(Collected data entries)
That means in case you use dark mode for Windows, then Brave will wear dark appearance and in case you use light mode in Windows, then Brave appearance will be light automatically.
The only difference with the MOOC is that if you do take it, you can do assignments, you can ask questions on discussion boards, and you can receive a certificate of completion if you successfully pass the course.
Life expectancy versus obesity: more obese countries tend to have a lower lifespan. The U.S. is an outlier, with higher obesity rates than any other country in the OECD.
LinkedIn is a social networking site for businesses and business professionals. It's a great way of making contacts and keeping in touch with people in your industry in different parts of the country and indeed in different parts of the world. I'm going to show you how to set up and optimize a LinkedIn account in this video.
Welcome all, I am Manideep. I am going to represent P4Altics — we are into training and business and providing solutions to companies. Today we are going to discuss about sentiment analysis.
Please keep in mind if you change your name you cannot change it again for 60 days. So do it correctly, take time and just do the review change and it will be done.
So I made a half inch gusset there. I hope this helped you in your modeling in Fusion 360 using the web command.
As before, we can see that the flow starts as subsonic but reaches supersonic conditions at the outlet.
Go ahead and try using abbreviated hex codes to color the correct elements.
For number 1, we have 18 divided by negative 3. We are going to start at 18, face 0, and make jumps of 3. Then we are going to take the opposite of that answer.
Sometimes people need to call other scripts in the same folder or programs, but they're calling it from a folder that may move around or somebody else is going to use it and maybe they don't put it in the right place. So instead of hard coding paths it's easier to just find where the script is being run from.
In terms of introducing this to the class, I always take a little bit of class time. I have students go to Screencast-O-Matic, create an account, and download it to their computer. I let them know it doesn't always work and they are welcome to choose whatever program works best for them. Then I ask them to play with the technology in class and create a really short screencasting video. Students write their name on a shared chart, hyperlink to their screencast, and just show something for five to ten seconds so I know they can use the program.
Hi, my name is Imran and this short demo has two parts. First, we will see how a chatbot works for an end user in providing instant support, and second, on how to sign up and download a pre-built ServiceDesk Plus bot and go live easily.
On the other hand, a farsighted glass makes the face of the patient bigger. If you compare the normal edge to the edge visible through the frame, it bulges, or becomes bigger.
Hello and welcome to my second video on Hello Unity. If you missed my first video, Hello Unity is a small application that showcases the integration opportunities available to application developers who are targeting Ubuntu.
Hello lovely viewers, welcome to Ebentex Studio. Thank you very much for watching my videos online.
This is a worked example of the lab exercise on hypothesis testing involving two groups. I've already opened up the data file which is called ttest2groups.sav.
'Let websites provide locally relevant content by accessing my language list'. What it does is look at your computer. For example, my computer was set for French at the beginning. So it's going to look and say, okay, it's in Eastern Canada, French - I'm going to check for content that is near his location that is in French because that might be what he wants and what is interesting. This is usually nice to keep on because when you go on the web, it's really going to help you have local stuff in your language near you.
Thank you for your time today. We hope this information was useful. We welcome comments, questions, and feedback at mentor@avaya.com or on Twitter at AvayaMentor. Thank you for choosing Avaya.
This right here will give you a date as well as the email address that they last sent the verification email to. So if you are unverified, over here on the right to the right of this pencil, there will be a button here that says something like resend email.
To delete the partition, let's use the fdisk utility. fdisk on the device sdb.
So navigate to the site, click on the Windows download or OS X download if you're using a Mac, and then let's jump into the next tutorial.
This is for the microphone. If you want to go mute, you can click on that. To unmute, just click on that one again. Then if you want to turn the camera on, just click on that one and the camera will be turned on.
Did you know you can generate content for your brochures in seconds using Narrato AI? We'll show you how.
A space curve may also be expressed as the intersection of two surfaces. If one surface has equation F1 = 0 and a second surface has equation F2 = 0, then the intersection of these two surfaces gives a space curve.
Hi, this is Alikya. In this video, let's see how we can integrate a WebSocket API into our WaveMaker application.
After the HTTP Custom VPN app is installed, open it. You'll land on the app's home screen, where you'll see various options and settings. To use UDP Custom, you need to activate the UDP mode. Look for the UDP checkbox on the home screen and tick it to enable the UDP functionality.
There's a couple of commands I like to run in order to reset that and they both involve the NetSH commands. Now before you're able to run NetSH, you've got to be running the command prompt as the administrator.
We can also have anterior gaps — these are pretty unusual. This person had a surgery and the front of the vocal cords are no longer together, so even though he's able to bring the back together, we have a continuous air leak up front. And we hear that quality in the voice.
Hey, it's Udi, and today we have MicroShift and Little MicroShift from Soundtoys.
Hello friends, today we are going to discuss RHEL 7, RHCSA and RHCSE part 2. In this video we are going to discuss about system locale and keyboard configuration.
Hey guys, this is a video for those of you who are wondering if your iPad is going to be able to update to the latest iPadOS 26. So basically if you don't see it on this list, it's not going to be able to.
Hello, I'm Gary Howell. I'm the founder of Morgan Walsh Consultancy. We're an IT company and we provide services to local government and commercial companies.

What you will do => Above are the records. Copy every line in them holding "providing".

Solution below =>
Welcome all, I am Manideep. I am going to represent P4Altics — we are into training and business and providing solutions to companies. Today we are going to discuss about sentiment analysis.
Hi, my name is Imran and this short demo has two parts. First, we will see how a chatbot works for an end user in providing instant support, and second, on how to sign up and download a pre-built ServiceDesk Plus bot and go live easily.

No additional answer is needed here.